▸ Problem to work on
Below are some records; repeat them all exactly, minus the pictures.

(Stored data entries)
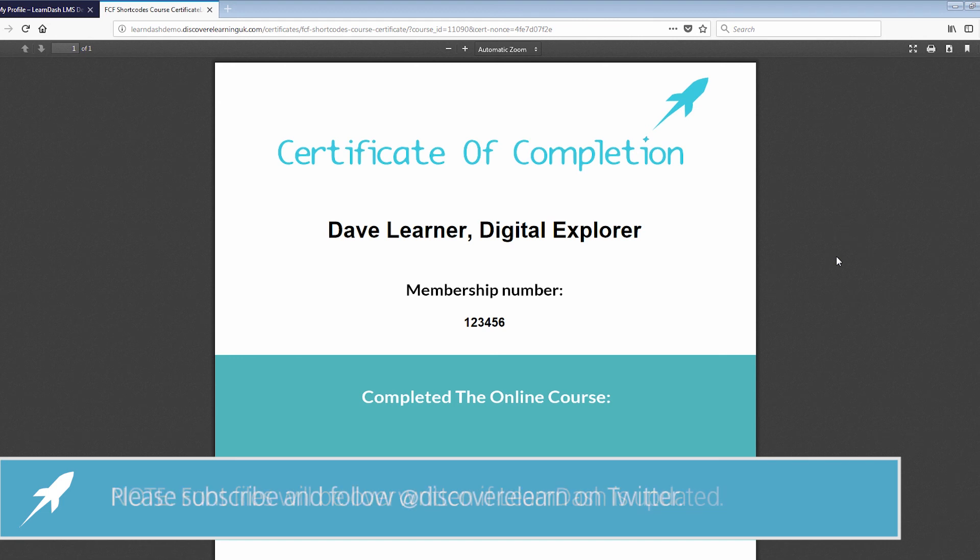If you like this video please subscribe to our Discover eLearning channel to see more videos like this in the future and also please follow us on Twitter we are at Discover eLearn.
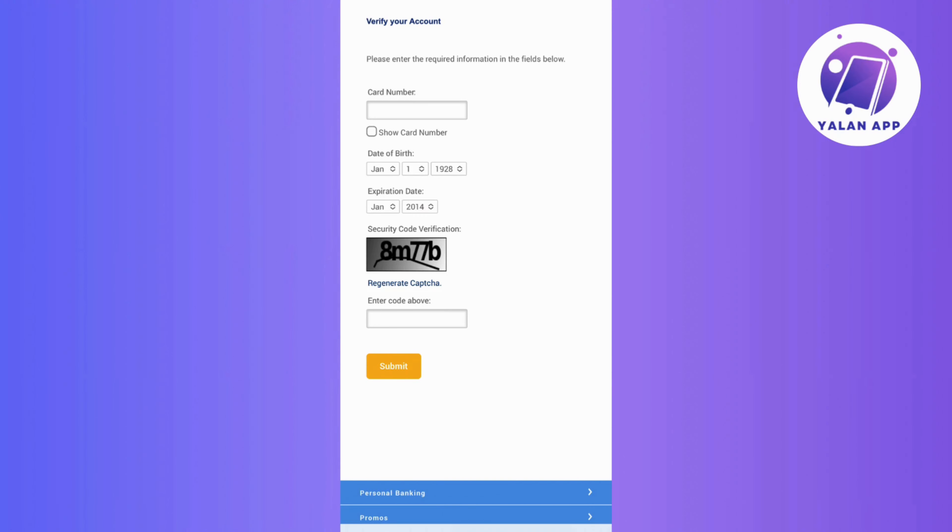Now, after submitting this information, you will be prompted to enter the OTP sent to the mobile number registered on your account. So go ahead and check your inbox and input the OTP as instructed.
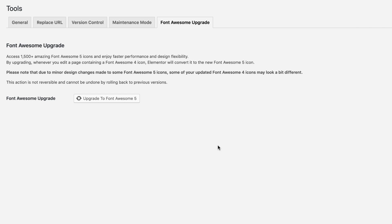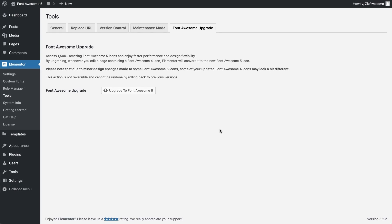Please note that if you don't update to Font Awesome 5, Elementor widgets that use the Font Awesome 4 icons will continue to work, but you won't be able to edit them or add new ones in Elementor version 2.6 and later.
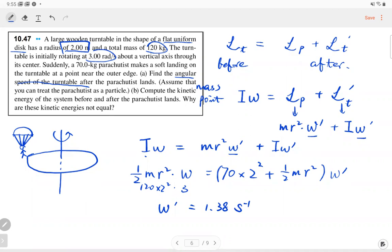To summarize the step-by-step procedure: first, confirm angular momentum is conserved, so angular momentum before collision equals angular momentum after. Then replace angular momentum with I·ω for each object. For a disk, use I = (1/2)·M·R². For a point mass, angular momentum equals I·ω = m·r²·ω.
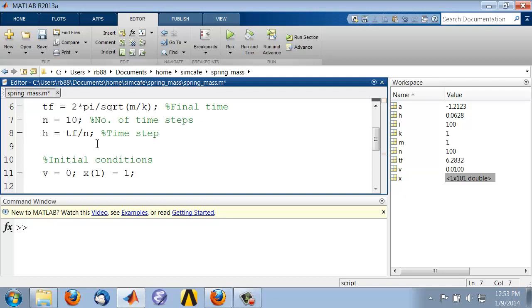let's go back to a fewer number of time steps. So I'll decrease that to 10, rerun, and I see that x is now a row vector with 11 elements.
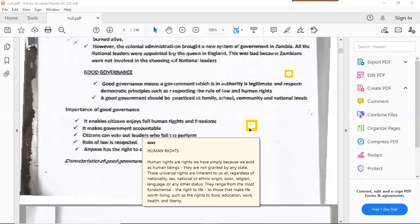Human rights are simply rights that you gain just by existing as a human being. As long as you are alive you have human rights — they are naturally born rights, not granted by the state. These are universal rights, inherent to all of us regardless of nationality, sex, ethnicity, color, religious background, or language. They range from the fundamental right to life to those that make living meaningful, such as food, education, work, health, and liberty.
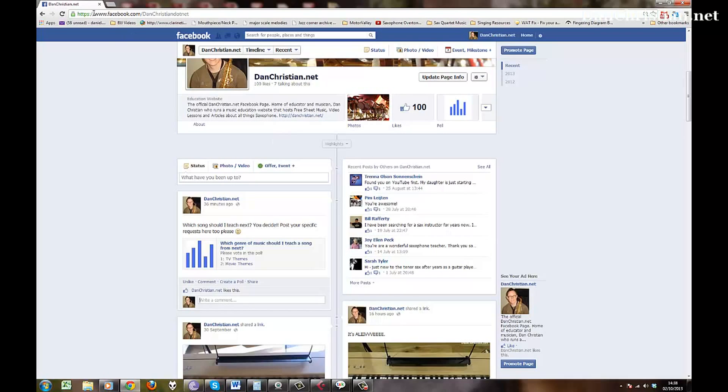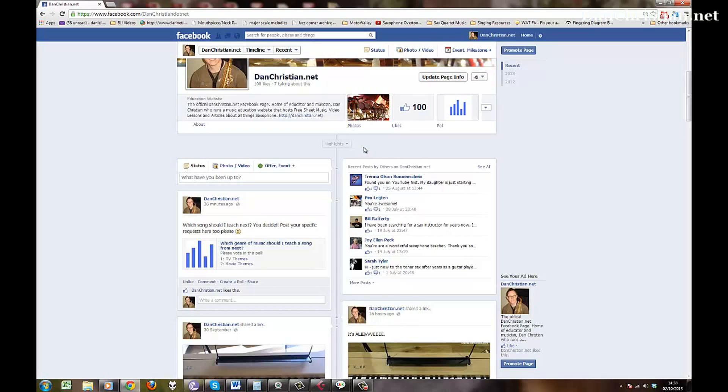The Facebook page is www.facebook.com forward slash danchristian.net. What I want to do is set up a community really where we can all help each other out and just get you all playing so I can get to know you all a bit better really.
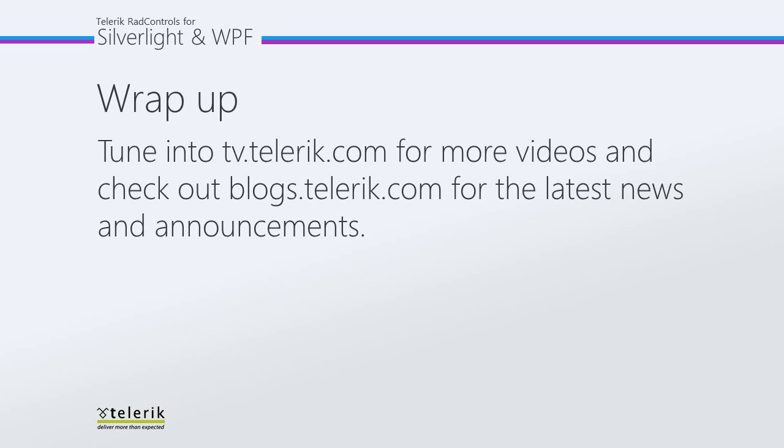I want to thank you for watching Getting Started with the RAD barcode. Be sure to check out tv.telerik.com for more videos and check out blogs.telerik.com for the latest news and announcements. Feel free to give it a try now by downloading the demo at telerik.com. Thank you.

▸ Answer to this task
If you like this video please subscribe to our Discover eLearning channel to see more videos like this in the future and also please follow us on Twitter we are at Discover eLearn.
Now, after submitting this information, you will be prompted to enter the OTP sent to the mobile number registered on your account. So go ahead and check your inbox and input the OTP as instructed.
Please note that if you don't update to Font Awesome 5, Elementor widgets that use the Font Awesome 4 icons will continue to work, but you won't be able to edit them or add new ones in Elementor version 2.6 and later.
To summarize the step-by-step procedure: first, confirm angular momentum is conserved, so angular momentum before collision equals angular momentum after. Then replace angular momentum with I·ω for each object. For a disk, use I = (1/2)·M·R². For a point mass, angular momentum equals I·ω = m·r²·ω.
let's go back to a fewer number of time steps. So I'll decrease that to 10, rerun, and I see that x is now a row vector with 11 elements.
Human rights are simply rights that you gain just by existing as a human being. As long as you are alive you have human rights — they are naturally born rights, not granted by the state. These are universal rights, inherent to all of us regardless of nationality, sex, ethnicity, color, religious background, or language. They range from the fundamental right to life to those that make living meaningful, such as food, education, work, health, and liberty.
The Facebook page is www.facebook.com forward slash danchristian.net. What I want to do is set up a community really where we can all help each other out and just get you all playing so I can get to know you all a bit better really.
I want to thank you for watching Getting Started with the RAD barcode. Be sure to check out tv.telerik.com for more videos and check out blogs.telerik.com for the latest news and announcements. Feel free to give it a try now by downloading the demo at telerik.com. Thank you.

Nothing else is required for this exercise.